Dr. Larry Ross, Ph.D
Professor of Business Administration
Florida Southern College
There is a wide array of leadership concepts, theories, and perspectives available to the individual seeking to become better-informed on the subject. There is no one way, nor one authoritative text that can present a definitive overview of leadership. While there is a commonly-accepted model of the leadership process, there are several ways to model leadership in practice as a means to gain an understanding of how different models can produce similar – or quite different – results. What do you need to know (or learn) about leadership? Consider the following key topics:
Followers, or groups of followers, make-up an important dimension of leadership. For without followers, there may be no need for leadership. The most common form of contemporary followers today is known as a team. Leading teams, motivating and achieving synergy from a team are topics that can lead to more effective leadership results.
The topic of power and its variants is essential in the context of leadership and how the deployment of power can influence the behavior of the followers and deliver expected results. Reward power, power of coercion, referent power, expert power and personal power are some of the tools available to the leader.
How important are values to the development of effective leaders? Why is it critical to operate as an ethical leader with the highest set of standards? What defines ethical leadership and what must an effective and ethical leader know in order to practice ethical leadership? How does the increasingly global environment affect the deployment of leadership abilities? In particular, how does context change and in turn require that leadership change to meet the different needs of a multicultural society? Can leaders adapt and expand their abilities to lead across cultures?

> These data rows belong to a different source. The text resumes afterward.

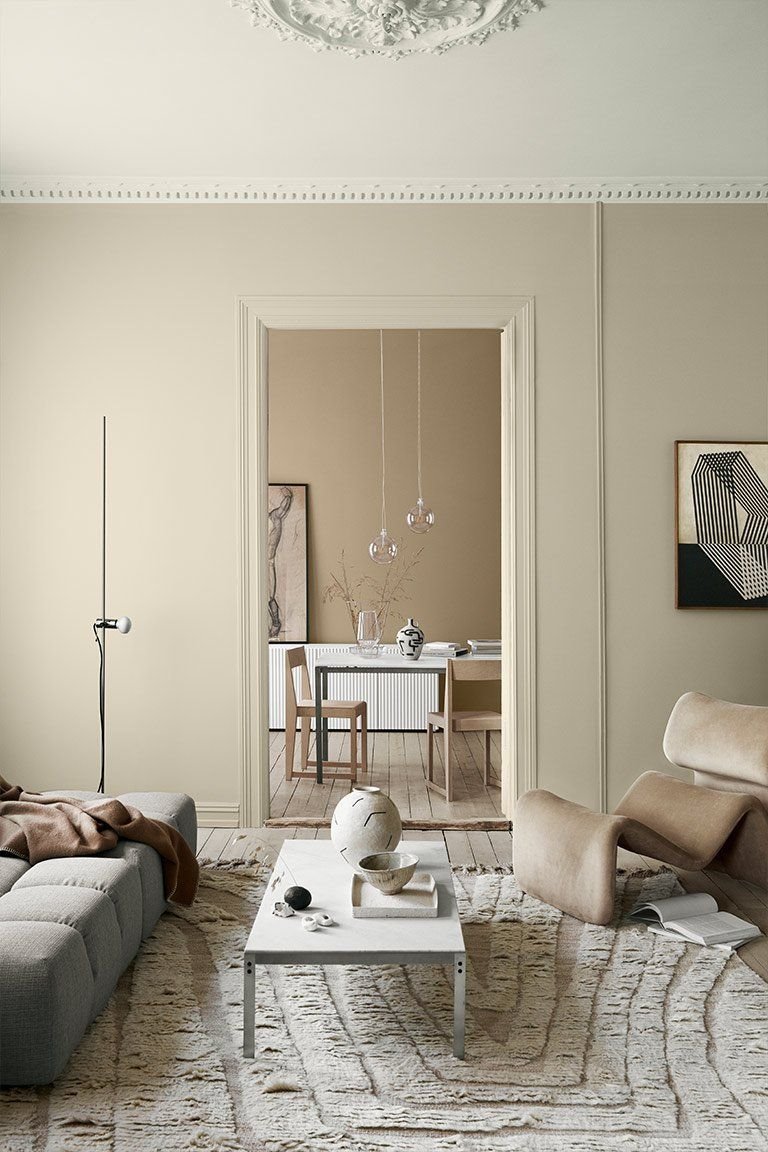Salon con paredes con molduras en color beige ocre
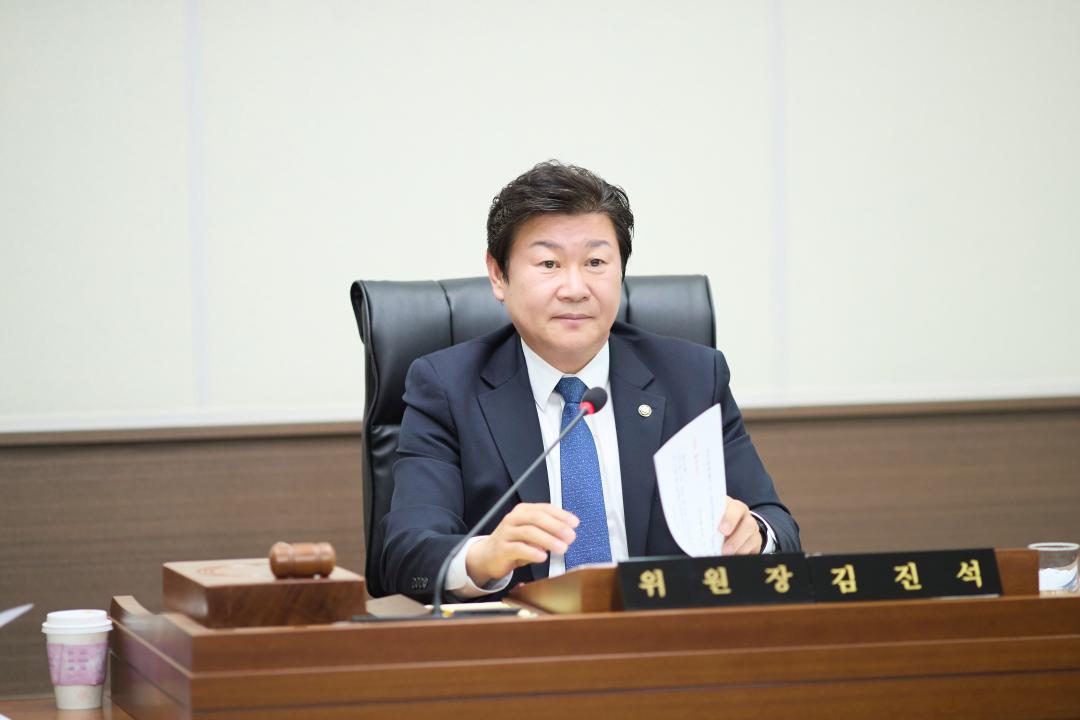 '상임위위원회별 제1차 회의 ( 제302회 임시회 )' 게시글의 사진(6) '20260403 상임위원회별 제1차 회의(제302호 임시회)-06.jpg'
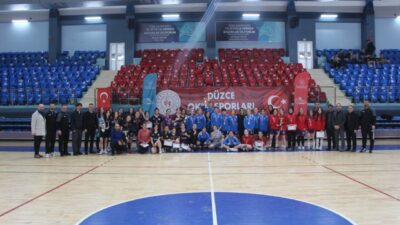 Okul sporları genç kızlar futsal müsabakaları sona erdi. Büyük bir
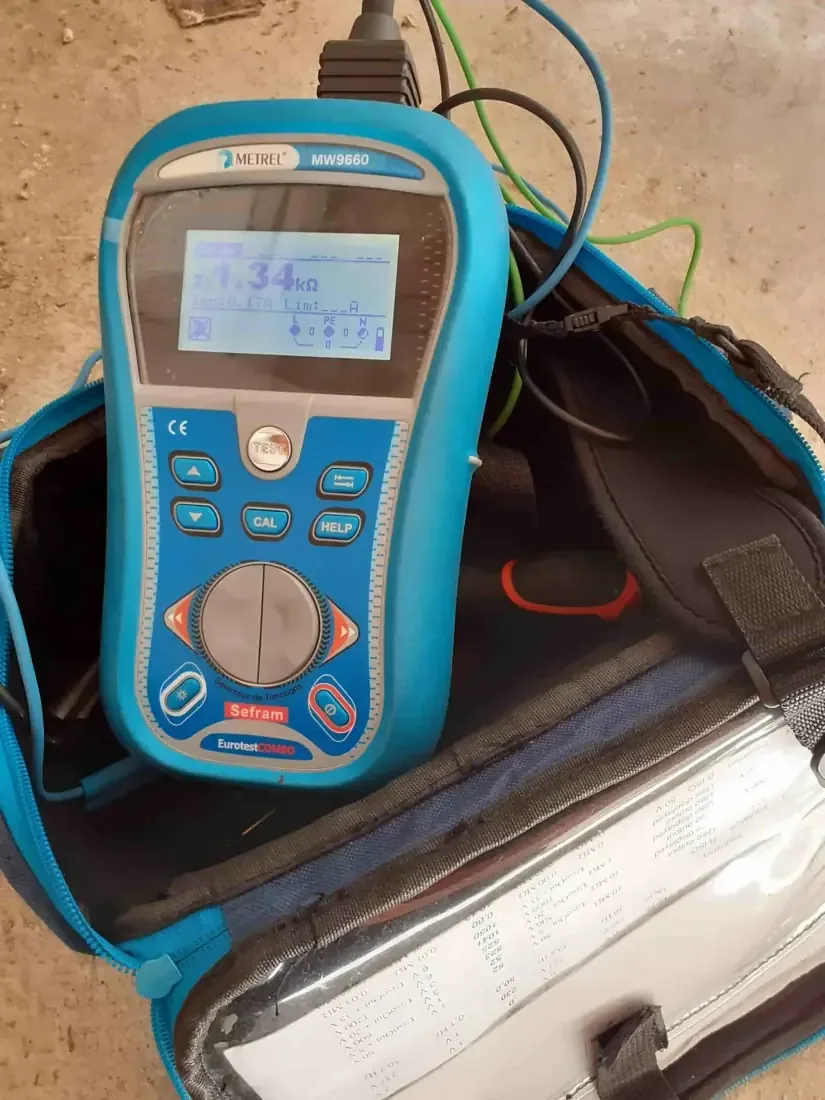Diagnostic électrique obligatoire à Montreuil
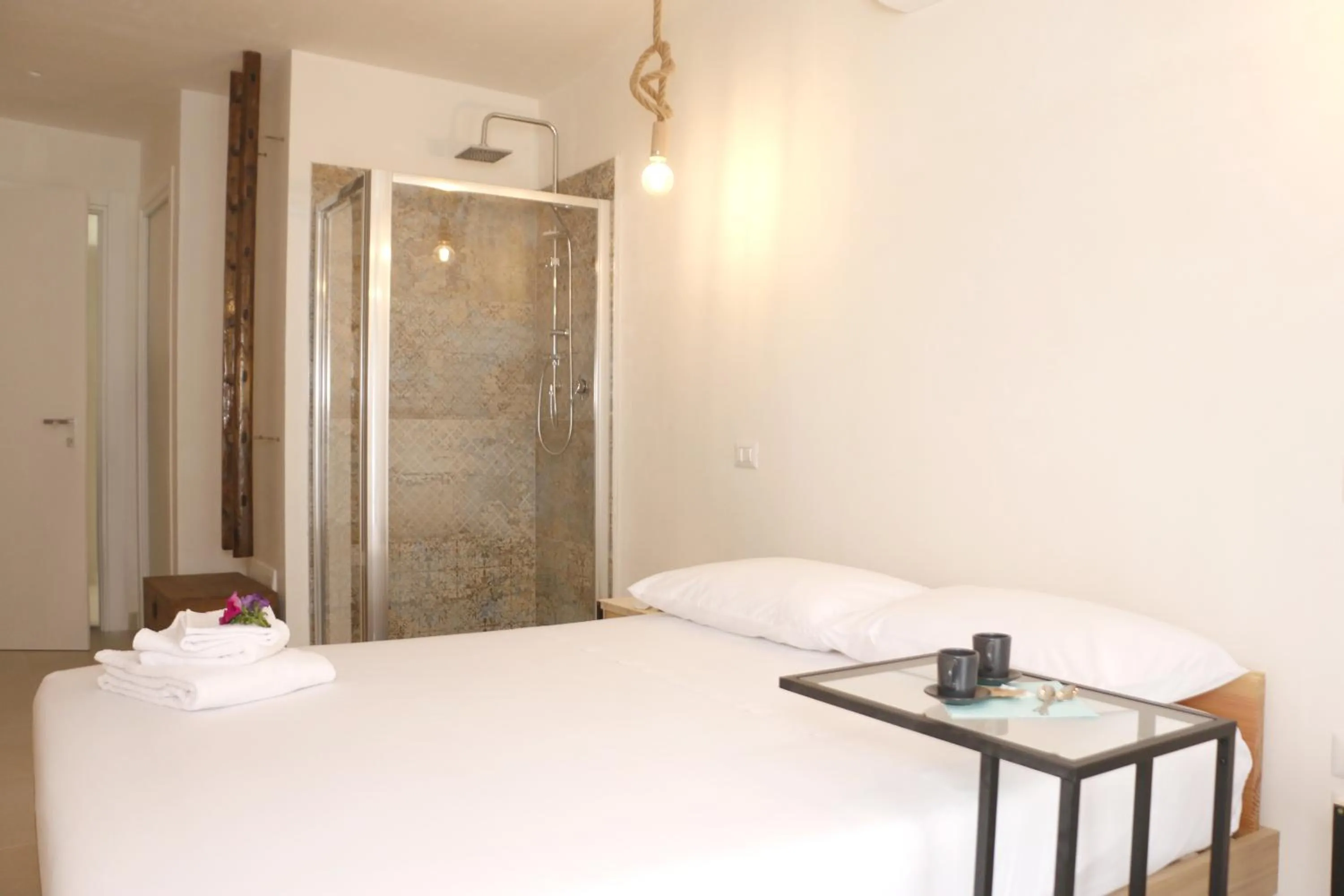 Shower, Bed in La Nicchia B&B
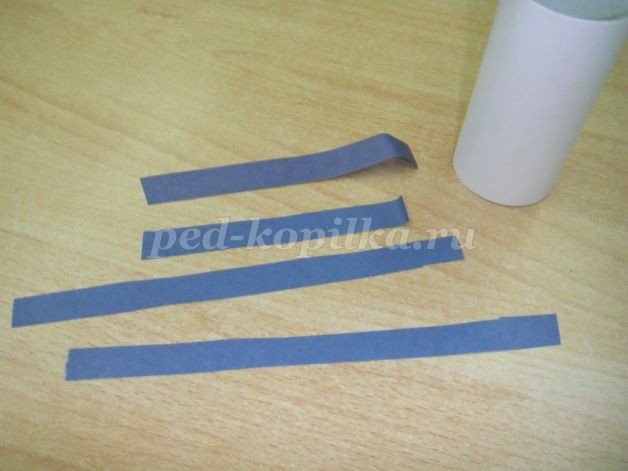 Снеговик из рулончика от туалетной бумаги: часть 2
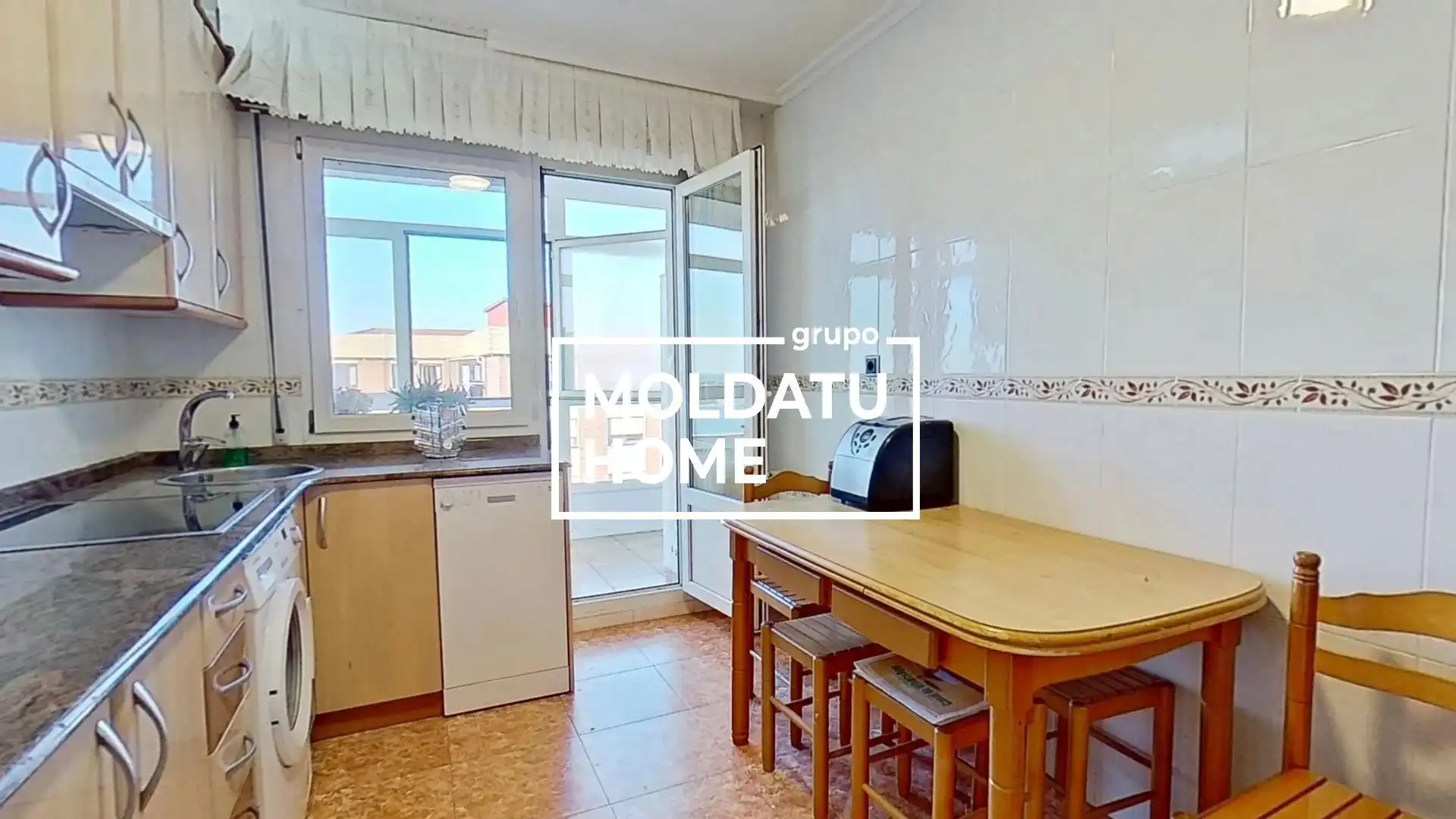 Kitchen of Flat for sale in Sestao   with Heating and Terrace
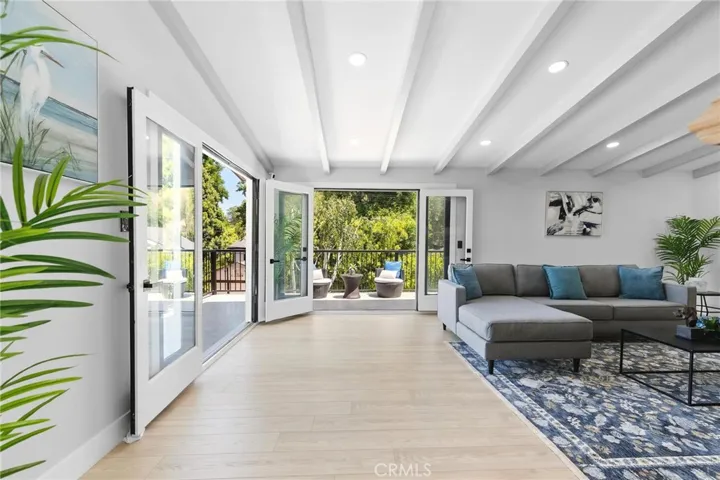 4925 Topeka Drive, Tarzana, California 91356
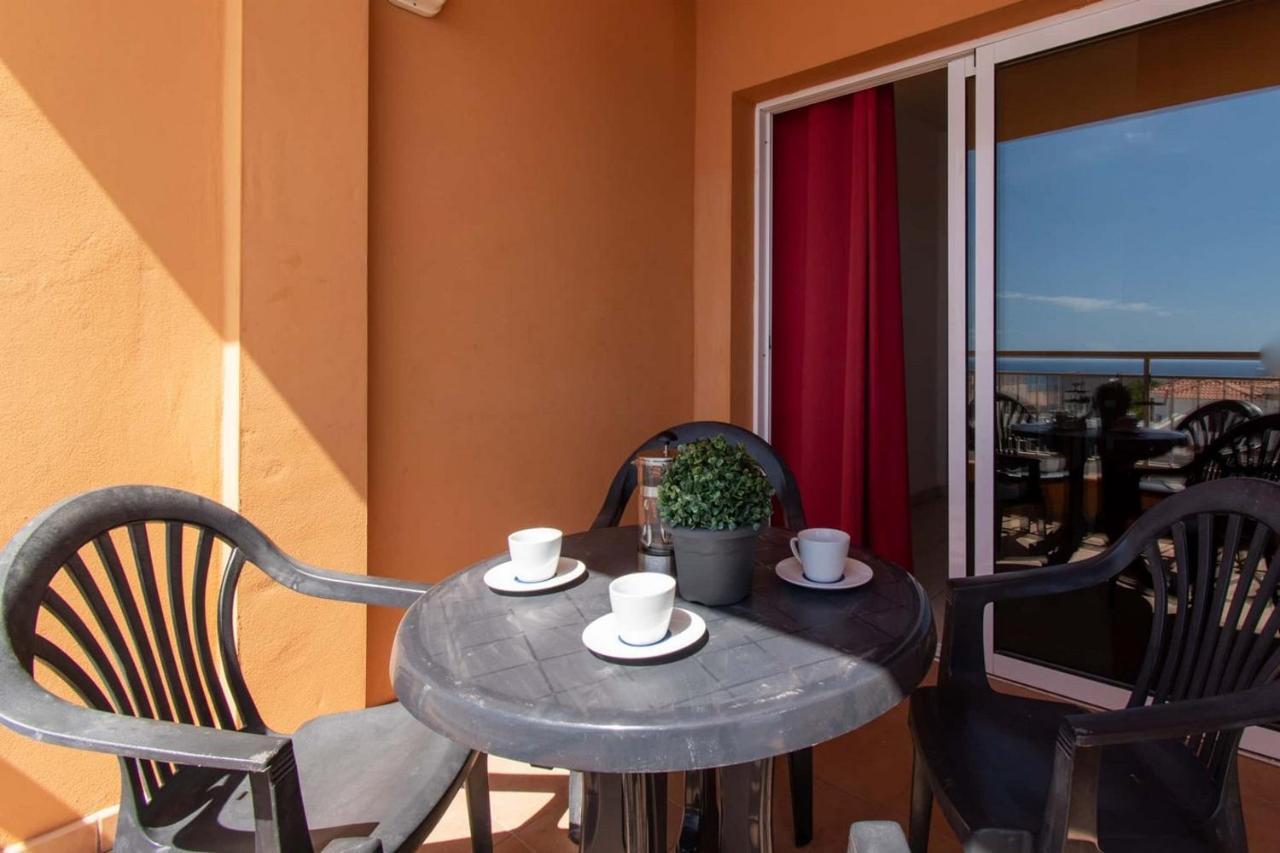Sunset - 2 Bedroom Apartment 아데제 외부 사진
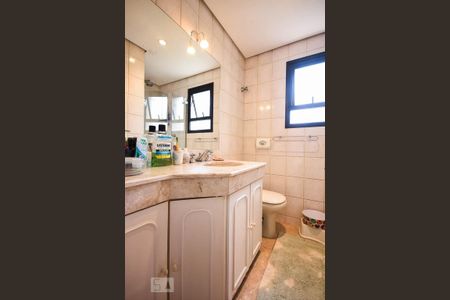 Apartamento à venda com 132m², 3 quartos e 2 vagas Apartamento à venda com 132m², 3 quartos e 2 vagasBanheiro suíte 2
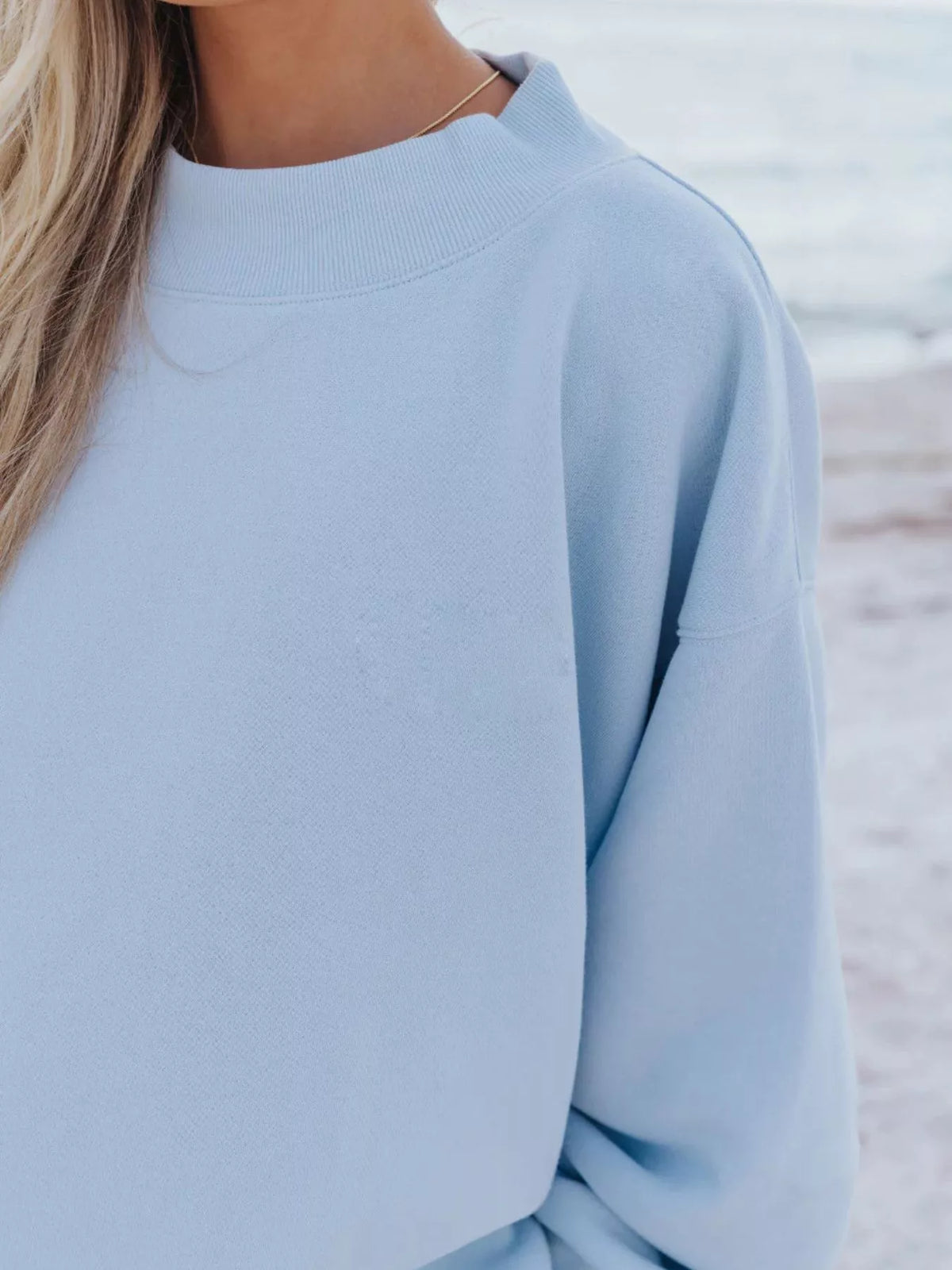 Relaxed Fit Round Neck Sweatshirt and Shorts Set | STAHlin RADIANCE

One of the most important areas for the deployment of effective leadership, an area where the stakes are the highest and the dynamic the most uncertain is in the leadership of change. Understanding the change process, types of change, and why followers are naturally resistant to change can facilitate the leadership development process in advance of implementing change. The quest for innovation demands that change be institutionalized throughout an organization. The leader’s role is to simultaneously deal with the immediate challenges of change and the more long term issues of sustaining a culture of change that allows the organization to thrive.
As we become more aware of the lessons of leadership and we better understand how to be more effective leaders, can we develop viable substitutes for leadership as we know it? This may be the ultimate challenge facing leaders today. The use of books on leadership to develop a widespread awareness of leadership concepts may allow today’s follower to become tomorrow’s leader.
I encourage you to contemplate your role as a leader and a follower. I encourage you to consider how these roles can be in conflict or in harmony and how role ambiguity can generate unnecessary conflict. Role certainty, however, can be linked to successful outcomes. You should learn about the roles of both the leader and the follower, depending upon the situational context.